Docker コンテナー環境に APIcast をデプロイするには、以下のセクションに概略を示す手順を実施します。
3.5.1. Docker コンテナー環境のインストール
本セクションでは、RHEL 7 に Docker コンテナー環境を設定する手順を説明します。
Red Hat が提供する Docker コンテナーエンジンは、RHEL の Extras チャンネルの一部としてリリースされています。追加のリポジトリーを有効にするには、Subscription Manager または yum-config-manager オプションを使用できます。詳細は、RHEL の製品ドキュメント を参照してください。
Amazon Web Services (AWS)、Amazon Elastic Compute Cloud (Amazon EC2) インスタンスに RHEL 7 をデプロイするには、以下の手順を実施します。
手順
-
sudo yum repolist all
ですべてのリポジトリーを一覧表示します。 -
*-extras
リポジトリーを探します。 -
sudo yum-config-manager --enable rhui-REGION-rhel-server-extras
を実行し、extras
リポジトリーを有効にします。 -
sudo yum install docker
を実行し、Docker コンテナー環境のパッケージをインストールします。
関連情報
他のオペレーティングシステムをお使いの場合は、以下の Docker ドキュメントを参照してください。

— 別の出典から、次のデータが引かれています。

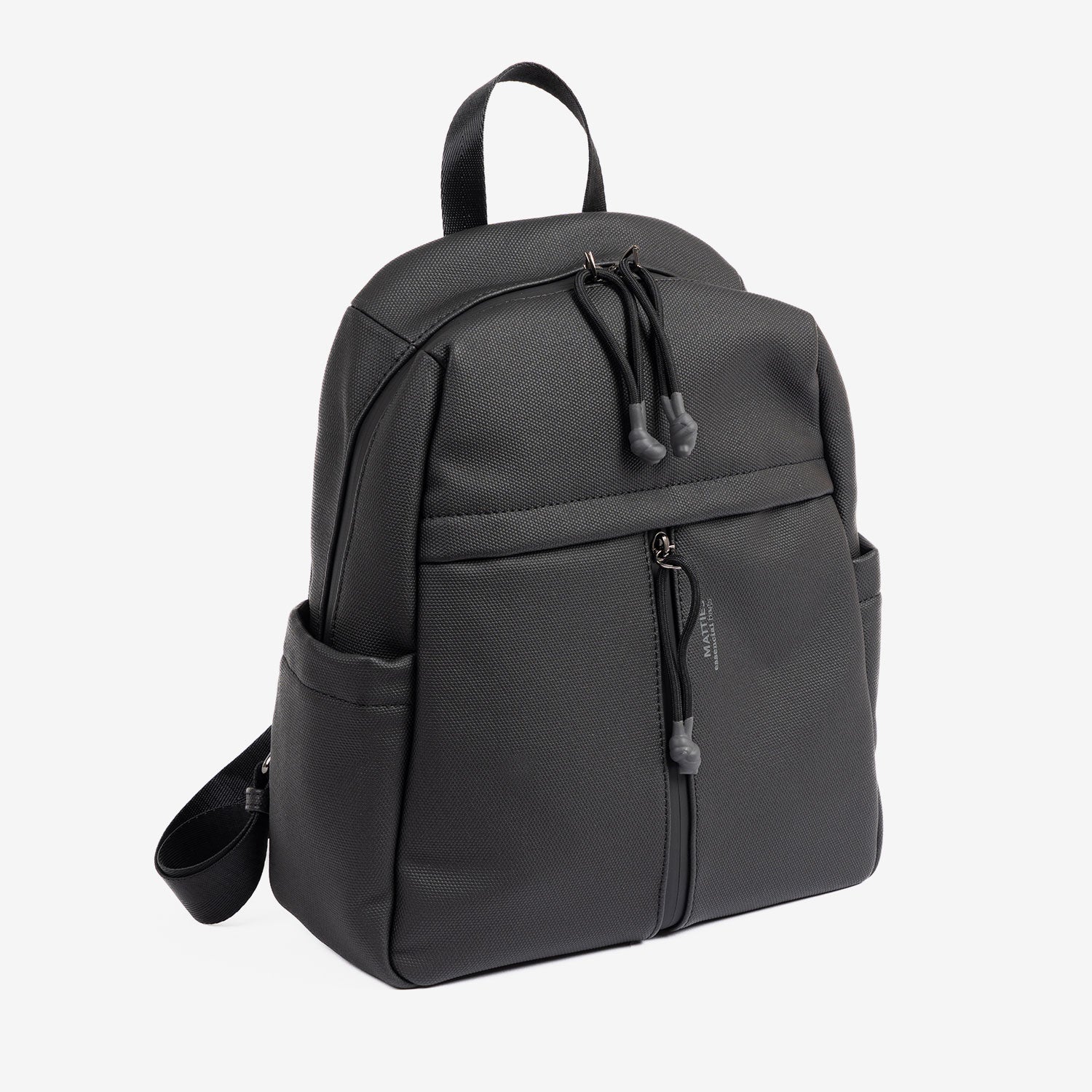 Mochila, Serie ember. 26.5x31x11 cm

3.5.2. Docker コンテナー環境ゲートウェイの実行
3scale 2.11 では、RHEL7 および Docker のコンテナーとして実行されている APIcast デプロイメントのサポートは非推奨になりました。今後のリリースでは、3scale は RHEL8 および Podman のみをサポートします。Self-managed APIcast をコンテナーとして実行している場合は、インストールをサポート対象の設定にアップグレードしてください。
Docker コンテナー環境ゲートウェイを実行するには、以下の手順を実施します。
手順
Docker デーモンを開始します。
sudo systemctl start docker.service
Docker デーモンが実行されているか確認します。
sudo systemctl status docker.service
Red Hat レジストリーから、そのまま使用できる Docker コンテナーエンジンのイメージをダウンロードします。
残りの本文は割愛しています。